*** Source information ***

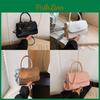 Fashionable And Stylish Women's Crossbody Bag Summer 2024 Small Pu Leather Shoulder Bag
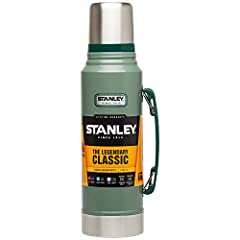 Stanley classic legendary for sale  Delivered anywhere in UK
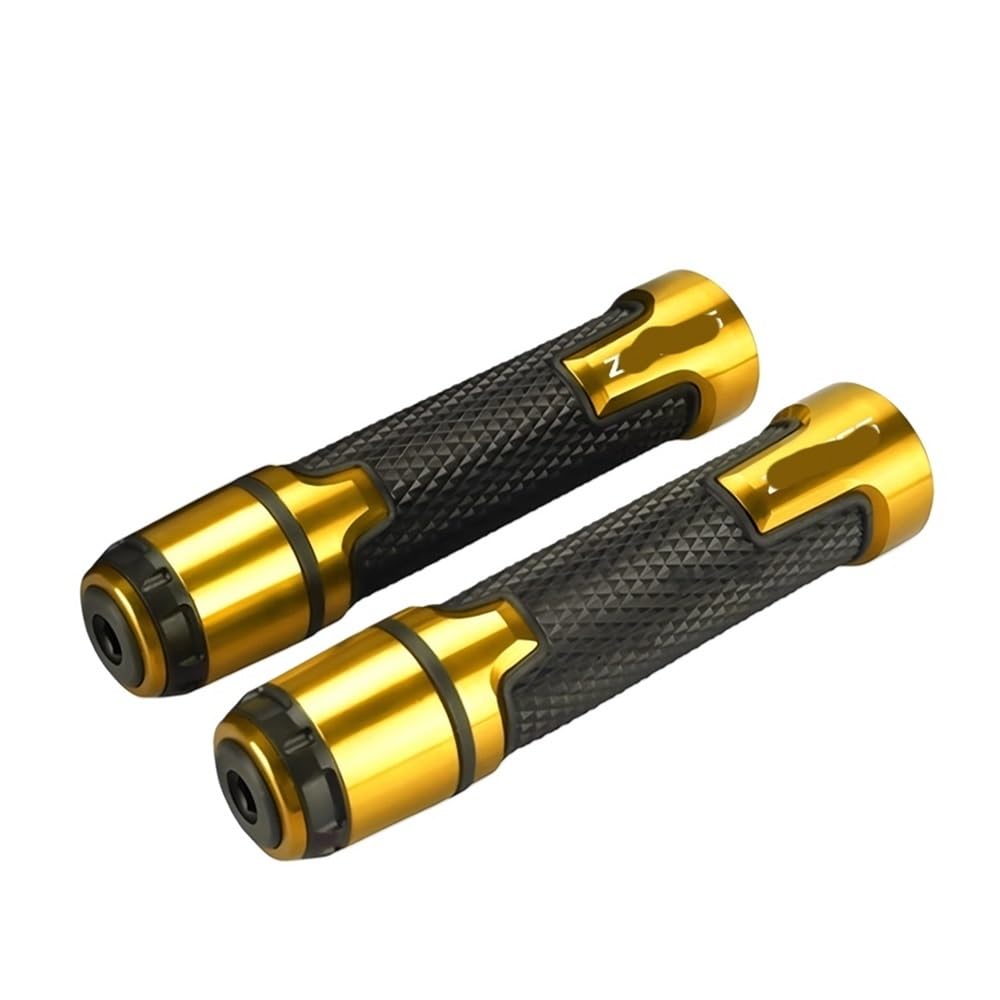 Levier d'embrayage de frein réglable pour moto G1 125 ZT125 ZT310 ZT310R ZT310T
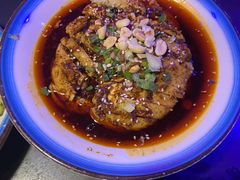 -醉小酒馆·川菜·江湖菜·重庆菜(观音桥旗舰店)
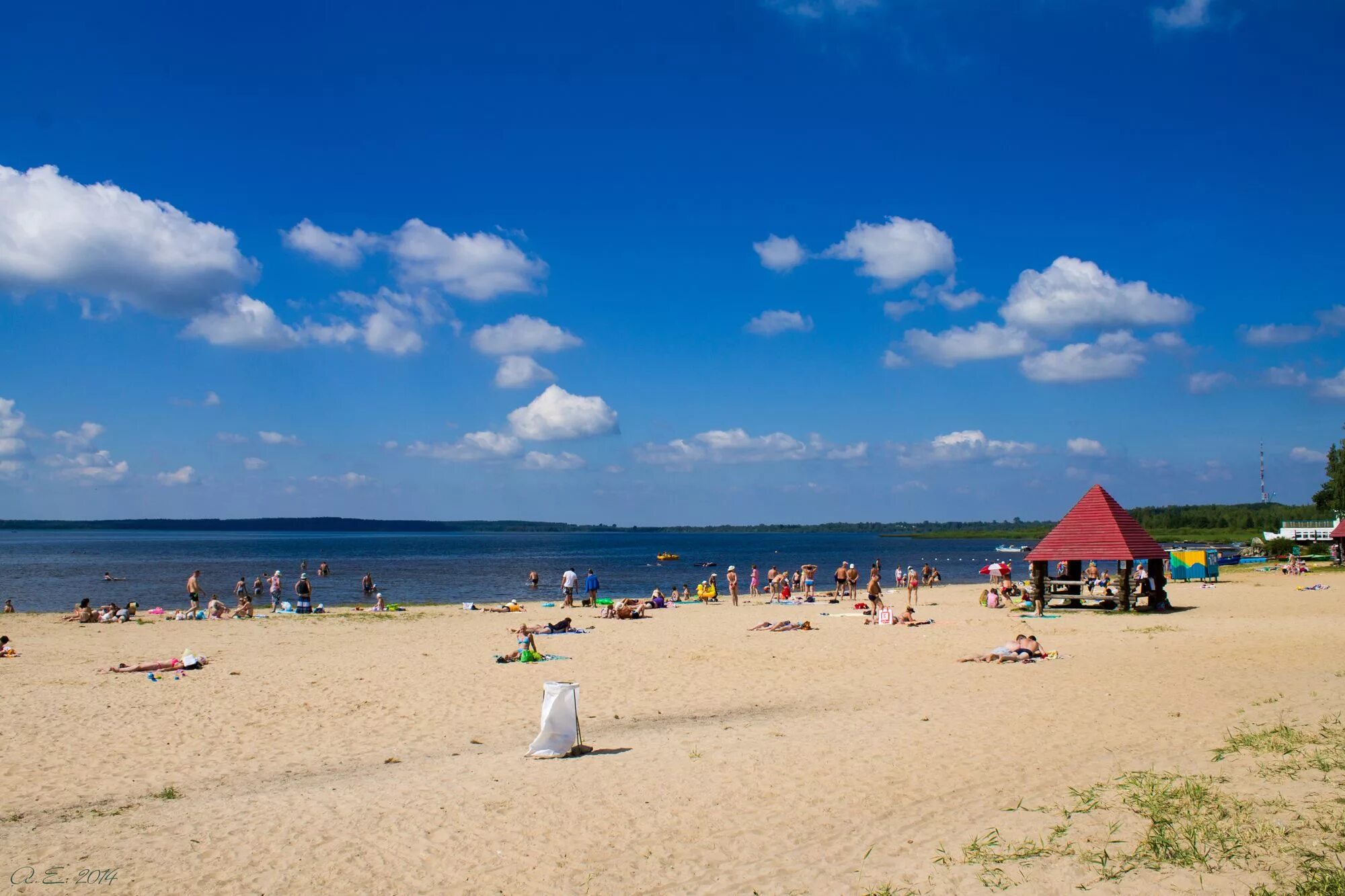 белорусские пляжи. заславское водохранилище пляжи. песочные пляжи белоруссии. беларусь минское море. финский пляж.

*** End of Source information ***

> _What this task involves_
Although the records contain pictures, return only their text, exactly as written.

> _Solution to this task_
 Fashionable And Stylish Women's Crossbody Bag Summer 2024 Small Pu Leather Shoulder Bag
 Stanley classic legendary for sale  Delivered anywhere in UK
 Levier d'embrayage de frein réglable pour moto G1 125 ZT125 ZT310 ZT310R ZT310T
 -醉小酒馆·川菜·江湖菜·重庆菜(观音桥旗舰店)
 белорусские пляжи. заславское водохранилище пляжи. песочные пляжи белоруссии. беларусь минское море. финский пляж.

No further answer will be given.